Given leave to speak, he also took the chance to shift his right knee off the digging knob of rock. Then he took a breath. Once begun, he could not hide his passion. “I don’t want to be here! Let me go with the king. Let me be a Dragon—”

“The Dragons are destroyed.”

“Destroyed?” The news shook him out of his singleminded fury.

“They were overwhelmed by a force of Eika, at Gent.”

Destroyed. Trying to make sense of this, he looked up at her. He had never actually seen Mother Scholastica from this close before; only the rare novice, like Sigfrid, came into contact with the abbess. She had a handsome face, her hair tucked away inside a plain linen scarf draped and folded over her head and twisting in neat lines down over her shoulders. She wore dark blue robes to distinguish her from the other nuns, a gold Circle of Unity studded with gems on a gold chain that hung halfway down her chest, and the golden torque that signified her royal kinship around her neck. Her gaze remained cool; she was not one bit flustered by this meeting or by the circumstances which had brought him here. He had a sudden, awful notion that she had judged many a boy or girl whose complaint was similar to his.

He would not let himself be overawed by her consequence! He was also the son of noble parents, if not of a king. “Then—then they’ll need more Dragons,” he blurted out. “Let me go, please. Let me serve the king.”

“It is not my decision to make.”

“How can you stop me if I refuse to take vows as a monk when my novitiate is ended?” he demanded.

She raised an eyebrow. “You have already pledged yourself to enter the church, an oath spoken outside these gates.”

“I had no choice!”

“You spoke the words. I did not speak them for you.”

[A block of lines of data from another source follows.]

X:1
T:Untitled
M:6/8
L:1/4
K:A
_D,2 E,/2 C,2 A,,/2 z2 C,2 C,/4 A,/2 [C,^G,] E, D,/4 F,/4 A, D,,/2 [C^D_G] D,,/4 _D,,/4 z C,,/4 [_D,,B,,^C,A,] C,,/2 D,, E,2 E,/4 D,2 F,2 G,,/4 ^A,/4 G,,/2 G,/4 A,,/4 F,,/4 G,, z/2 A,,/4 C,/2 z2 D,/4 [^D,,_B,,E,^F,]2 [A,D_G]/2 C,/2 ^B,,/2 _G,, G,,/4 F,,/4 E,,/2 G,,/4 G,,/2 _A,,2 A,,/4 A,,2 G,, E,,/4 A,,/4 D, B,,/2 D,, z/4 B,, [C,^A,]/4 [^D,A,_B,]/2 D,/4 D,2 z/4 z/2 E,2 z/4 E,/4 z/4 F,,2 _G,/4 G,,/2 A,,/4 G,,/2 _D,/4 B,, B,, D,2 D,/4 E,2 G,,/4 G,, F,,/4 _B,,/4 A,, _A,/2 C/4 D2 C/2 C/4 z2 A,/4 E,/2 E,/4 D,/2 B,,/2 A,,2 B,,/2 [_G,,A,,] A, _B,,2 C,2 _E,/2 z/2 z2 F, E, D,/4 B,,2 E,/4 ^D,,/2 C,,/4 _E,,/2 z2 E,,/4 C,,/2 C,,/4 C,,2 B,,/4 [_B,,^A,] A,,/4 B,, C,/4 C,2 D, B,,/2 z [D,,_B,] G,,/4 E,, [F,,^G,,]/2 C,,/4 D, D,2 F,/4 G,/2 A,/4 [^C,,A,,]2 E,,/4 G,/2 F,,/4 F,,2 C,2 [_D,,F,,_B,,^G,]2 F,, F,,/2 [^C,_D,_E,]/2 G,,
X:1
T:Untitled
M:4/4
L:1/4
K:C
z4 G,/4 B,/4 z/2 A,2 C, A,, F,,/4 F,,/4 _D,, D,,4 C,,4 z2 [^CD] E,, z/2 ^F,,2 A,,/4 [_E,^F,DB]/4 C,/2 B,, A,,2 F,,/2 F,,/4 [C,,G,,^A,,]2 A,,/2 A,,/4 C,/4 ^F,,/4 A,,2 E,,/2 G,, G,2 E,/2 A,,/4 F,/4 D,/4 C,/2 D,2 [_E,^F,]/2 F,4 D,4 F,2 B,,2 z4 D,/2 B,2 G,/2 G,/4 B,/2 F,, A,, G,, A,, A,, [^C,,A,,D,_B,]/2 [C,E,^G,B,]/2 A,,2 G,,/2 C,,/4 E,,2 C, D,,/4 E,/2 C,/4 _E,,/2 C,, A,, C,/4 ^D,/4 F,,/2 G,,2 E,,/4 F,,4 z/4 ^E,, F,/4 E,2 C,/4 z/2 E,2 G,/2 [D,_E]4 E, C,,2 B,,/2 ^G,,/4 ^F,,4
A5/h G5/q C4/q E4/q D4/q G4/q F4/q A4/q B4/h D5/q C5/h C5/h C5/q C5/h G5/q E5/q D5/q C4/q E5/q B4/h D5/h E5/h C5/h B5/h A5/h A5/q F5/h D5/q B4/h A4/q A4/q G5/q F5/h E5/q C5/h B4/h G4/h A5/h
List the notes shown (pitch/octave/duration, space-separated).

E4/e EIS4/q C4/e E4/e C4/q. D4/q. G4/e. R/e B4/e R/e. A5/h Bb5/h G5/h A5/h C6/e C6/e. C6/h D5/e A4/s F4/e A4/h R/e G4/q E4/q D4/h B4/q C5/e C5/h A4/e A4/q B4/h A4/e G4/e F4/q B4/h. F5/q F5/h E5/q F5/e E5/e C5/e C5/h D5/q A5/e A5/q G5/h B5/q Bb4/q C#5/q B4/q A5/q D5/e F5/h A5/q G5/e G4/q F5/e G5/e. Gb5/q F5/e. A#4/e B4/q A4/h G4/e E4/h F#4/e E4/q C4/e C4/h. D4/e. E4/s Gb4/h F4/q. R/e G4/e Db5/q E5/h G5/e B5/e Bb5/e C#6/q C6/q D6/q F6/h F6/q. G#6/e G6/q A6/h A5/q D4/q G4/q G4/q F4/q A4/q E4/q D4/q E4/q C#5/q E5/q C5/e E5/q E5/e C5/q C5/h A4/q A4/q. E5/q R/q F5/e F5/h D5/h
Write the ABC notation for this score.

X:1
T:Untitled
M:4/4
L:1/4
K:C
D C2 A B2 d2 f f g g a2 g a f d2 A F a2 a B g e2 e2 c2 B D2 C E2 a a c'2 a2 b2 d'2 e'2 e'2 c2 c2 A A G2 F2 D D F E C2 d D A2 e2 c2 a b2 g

“Is a vow sworn under compulsion valid?”

“Did I or any other hold a sword to your throat? You swore the vow.”

“But—”

“And,” she said, lifting a hand for silence—a hand that bore two handsome rings, one plain burnished gold braid, the other a fine opal in a gold setting, “your father has pledged a handsome dowry to accompany you. We do not betroth ourselves lightly, neither to a partner in marriage—” He winced as she paused. Her gaze was keen and unrelenting. “—nor to the church. If a vow can be as easily broken as a feather can be snapped in two—” She lifted a quill made from an owl feather from her table, displaying it to him. “—then how can we any of us trust the other?” She set down the feather. “Our oaths are what make us honorable people. What man or woman who has forsworn his noble lord or lady can ever be trusted again? You swore your promise to Our Lady and Lord. Do you mean to forswear that oath and live outside the church for the rest of your days?”

Said thus, it all sounded so much more serious. No man or woman who made a vow and then broke it was worthy of honor. His knees ached; his back hurt. His hood had slipped back, and the hem of his robe had doubled up under his left calf to press annoyingly into the flesh.

“No. I—” He faltered. Had he actually imagined scant hours ago that he could get the better in a debate with Mother Scholastica?